Almost 4,500 kilograms of food has been confiscated by the Belgian food safety agency (FASFC). The agency stressed it has continued efforts to protect public health since control measures for coronavirus were put in place in mid-March.
Vehicle inspections by a unit of the Federal Agency for the Safety of the Food Chain (FASFC) have led to four vans being seized and the destruction of 4,450 kilograms of food such as meat, fish and cheese in the past week.
Most of the violations were because of non-compliance with temperatures required by the regulations. Transporting food in excessively high temperature conditions can lead to contamination and food poisoning for consumers, said officials.

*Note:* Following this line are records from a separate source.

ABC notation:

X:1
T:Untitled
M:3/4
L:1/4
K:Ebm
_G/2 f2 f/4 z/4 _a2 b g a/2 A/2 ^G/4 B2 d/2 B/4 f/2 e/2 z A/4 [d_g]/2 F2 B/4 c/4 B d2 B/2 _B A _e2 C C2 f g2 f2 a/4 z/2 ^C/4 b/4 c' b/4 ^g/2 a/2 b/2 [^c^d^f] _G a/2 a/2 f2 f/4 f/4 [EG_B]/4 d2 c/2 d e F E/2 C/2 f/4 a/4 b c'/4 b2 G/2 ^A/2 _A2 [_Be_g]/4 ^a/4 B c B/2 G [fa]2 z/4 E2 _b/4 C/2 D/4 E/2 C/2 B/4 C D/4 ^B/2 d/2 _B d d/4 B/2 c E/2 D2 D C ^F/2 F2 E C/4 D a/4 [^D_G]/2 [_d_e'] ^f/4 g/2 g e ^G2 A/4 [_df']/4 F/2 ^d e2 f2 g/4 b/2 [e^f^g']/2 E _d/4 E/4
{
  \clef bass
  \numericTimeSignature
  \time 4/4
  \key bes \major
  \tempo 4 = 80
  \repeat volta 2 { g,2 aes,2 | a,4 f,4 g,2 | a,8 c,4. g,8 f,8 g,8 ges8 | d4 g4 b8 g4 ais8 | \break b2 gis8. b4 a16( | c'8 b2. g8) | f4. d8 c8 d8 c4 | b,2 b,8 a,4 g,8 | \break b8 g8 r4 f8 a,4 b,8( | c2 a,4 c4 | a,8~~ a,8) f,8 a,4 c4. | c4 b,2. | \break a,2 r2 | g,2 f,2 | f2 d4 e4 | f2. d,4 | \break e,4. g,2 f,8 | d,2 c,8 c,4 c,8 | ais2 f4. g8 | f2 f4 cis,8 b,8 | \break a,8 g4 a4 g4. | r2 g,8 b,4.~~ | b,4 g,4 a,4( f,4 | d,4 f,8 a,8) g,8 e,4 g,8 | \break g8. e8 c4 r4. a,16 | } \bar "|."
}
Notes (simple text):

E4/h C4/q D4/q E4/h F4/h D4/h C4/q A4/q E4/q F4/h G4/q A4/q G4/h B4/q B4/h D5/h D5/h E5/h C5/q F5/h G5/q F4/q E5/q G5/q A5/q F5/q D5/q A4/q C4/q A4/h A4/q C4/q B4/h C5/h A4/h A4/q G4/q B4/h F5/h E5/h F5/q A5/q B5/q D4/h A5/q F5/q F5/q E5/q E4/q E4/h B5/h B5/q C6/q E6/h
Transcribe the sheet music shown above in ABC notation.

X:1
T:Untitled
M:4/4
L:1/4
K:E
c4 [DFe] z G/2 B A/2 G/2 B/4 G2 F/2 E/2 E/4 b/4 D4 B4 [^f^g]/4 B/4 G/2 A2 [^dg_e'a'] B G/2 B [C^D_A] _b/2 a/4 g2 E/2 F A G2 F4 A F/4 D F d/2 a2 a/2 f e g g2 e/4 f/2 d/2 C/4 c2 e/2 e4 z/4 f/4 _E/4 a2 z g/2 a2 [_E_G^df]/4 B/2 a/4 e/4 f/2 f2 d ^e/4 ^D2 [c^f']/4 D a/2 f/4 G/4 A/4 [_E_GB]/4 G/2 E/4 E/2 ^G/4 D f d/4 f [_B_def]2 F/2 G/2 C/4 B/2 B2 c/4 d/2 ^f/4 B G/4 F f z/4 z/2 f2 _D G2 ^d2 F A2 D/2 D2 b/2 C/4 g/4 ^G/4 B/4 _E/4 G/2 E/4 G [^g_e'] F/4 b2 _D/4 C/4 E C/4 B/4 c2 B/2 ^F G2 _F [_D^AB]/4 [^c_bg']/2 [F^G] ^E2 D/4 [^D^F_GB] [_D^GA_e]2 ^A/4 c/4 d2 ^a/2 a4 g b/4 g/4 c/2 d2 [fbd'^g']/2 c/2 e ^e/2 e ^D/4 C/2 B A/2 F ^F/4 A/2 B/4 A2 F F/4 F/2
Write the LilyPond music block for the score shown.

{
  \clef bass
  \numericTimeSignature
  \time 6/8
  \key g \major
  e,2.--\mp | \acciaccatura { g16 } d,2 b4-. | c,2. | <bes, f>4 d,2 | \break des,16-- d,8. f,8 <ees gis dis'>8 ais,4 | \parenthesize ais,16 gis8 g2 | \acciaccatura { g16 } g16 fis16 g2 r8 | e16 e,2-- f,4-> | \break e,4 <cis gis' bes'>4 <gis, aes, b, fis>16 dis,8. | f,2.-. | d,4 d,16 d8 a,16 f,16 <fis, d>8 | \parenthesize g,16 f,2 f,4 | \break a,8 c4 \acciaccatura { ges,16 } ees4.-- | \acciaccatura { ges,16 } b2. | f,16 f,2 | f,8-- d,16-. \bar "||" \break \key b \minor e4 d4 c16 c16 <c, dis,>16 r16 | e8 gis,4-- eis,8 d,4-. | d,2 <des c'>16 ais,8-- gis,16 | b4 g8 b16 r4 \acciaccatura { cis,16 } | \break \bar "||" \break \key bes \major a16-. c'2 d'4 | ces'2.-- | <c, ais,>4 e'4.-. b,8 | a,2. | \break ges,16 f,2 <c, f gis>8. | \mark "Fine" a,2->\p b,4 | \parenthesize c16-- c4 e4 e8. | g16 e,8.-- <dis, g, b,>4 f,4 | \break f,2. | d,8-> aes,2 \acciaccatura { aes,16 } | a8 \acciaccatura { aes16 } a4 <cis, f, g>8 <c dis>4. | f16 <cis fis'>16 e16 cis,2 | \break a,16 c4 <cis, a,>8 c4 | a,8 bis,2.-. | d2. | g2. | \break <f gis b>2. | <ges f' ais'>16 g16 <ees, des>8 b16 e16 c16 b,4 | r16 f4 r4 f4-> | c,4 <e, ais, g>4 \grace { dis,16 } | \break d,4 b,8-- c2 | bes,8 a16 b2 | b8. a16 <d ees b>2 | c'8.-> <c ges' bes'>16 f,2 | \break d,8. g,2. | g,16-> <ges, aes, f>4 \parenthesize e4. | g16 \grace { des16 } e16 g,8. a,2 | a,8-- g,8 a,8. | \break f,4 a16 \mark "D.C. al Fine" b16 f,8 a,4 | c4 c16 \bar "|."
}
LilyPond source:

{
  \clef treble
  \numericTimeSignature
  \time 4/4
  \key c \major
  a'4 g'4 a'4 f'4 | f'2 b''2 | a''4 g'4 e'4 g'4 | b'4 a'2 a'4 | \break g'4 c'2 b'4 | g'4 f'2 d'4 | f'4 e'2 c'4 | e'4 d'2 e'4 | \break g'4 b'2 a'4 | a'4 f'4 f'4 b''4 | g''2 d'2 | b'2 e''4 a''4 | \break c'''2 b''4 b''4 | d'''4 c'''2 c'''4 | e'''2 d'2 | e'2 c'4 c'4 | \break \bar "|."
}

The FASFC unit monitored the transport of food at the borders with police and customs officials. Violations were noted in 23 of the 142 vehicles checked.
Modified controls continue
Normally, about 320 checks are done daily by the FASFC. This situation has been adapted because of the coronavirus pandemic with a focus on high priority controls, such as the follow-up of complaints, non-conformities, and import and export checks.
Food sector companies have been allowed to set up a delivery service without needing to submit an authorization request to FASFC. Normally, such procedures are compulsory, take from days to a few weeks depending on the case, and involve additional administrative procedures and expenses.
In the Antwerp harbour around 778 tonnes of non-compliant or suspect phytosanitary products from India and China have been seized in Antwerp by the Belgian Federal Agency for the Safety of the Food Chain (FASFC).
These pesticides were intended for European fruit and vegetable producers, according to a press release published by the FASFC on Tuesday (28 April).
This major seizure, done in March and April, is the result of three searches that were part of an investigation conducted by the environmental team of the Antwerp judicial police and the public prosecutor’s office.
Bentazone and Captan
The batches of non-compliant and suspect products with unreliable certificates of analysis, traceability and origin included a bentazon-based herbicide, used for growing onions, beans and shallots, as well as a captan-based fungicide, used for growing apples and pears, said FASFC spokeswoman Stéphanie Maquoi.
The herbicide was re-authorised in the EU until 31 May 2025 and the fungicide until 31 July 2020.
All products of the Belgian company behind the imports have now been blocked.
The products may only be placed back on the market under certain conditions, which include the submission of analyses and certificates of conformity.
According to Antwerp’s public prosecutor’s office, these products “could potentially pose a risk to human health”, while Maquoi explained they could pose “a danger that concerns professionals and not the consumer”.
“We have analysed the risks. We know there is no danger for the consumer,” added Maquoi.